Since the role of administrative members is to advise the judicial members on aspects of military law, ethos, customs and functioning, only military veterans meeting a specific criterion could be considered for appointment, as per the Armed Forces Tribunal Act, 2007. However, the Finance Act, 2017 opened this up to “a person of ability, integrity and standing having special knowledge of and professional experience of not less than twenty years in, economics, business, commerce, law, finance, accountancy, industry, public affairs, administration or in any other matter useful to the Armed Forces Tribunal.”
How anybody without the requisite expertise or domain knowledge could be useful in advising on matters military was not elucidated.
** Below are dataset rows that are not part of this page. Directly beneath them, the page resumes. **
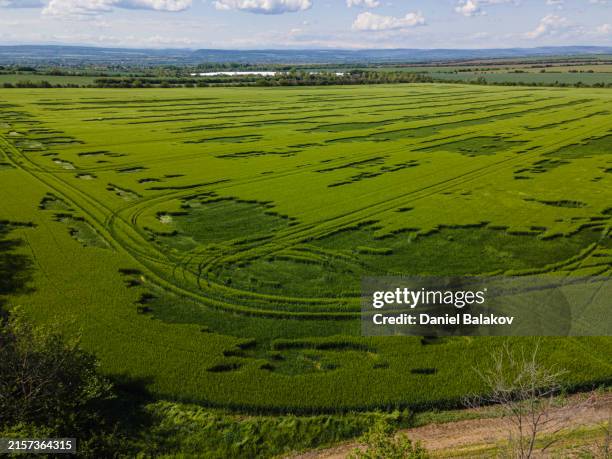 Hail Field 927 Hail Field Stock Photos, High-Res Pictures, and Images - Getty Images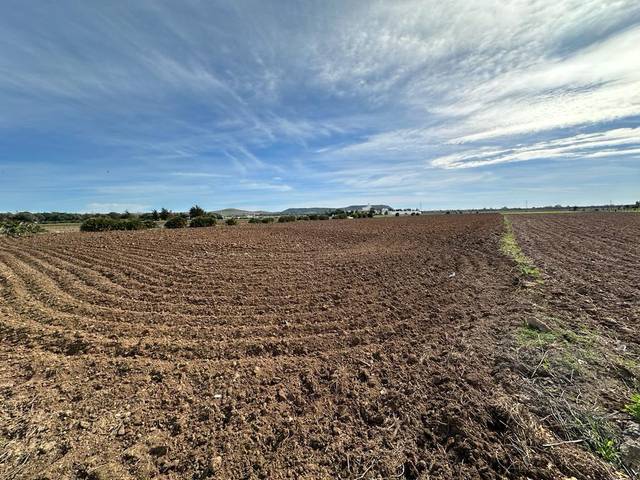 Terreno en Venta en El Palmar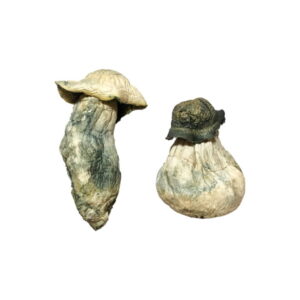 Buy Albino Penis Envy Magic Mushrooms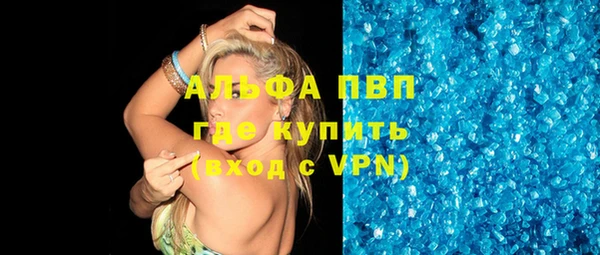 индика Абинск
However, it is not difficult to reach the conclusion that the intent was to provide further avenues for post-retirement sinecures for worthy members of our civilian bureaucracy. That apart, by attempting to tighten its hold on the selection process for the chairperson and members, the Government had unambiguously made clear that it expected those aspiring to be appointed to the AFT to follow its diktats. Obviously, if these amended rules were accepted, then the AFT would represent sheer tokenism of the worst kind as it would be a complete travesty of natural justice and go against the very concept of rule of law.
However, fortunately these reprehensible efforts were nullified when the Supreme Court initially stayed the matter and then subsequently struck it down on the grounds that “they were contrary to the parent Act and principles enshrined in the Constitution” (Rojer Mathews vs South Indian Bank Ltd and Others). The court further pointed serious anomalies in the rules and directed the Government to reframe them. In the ensuing stand-off between the apex court and the Government, serving personnel and veterans alike became victims of bureaucratic apathy and bloody-mindedness.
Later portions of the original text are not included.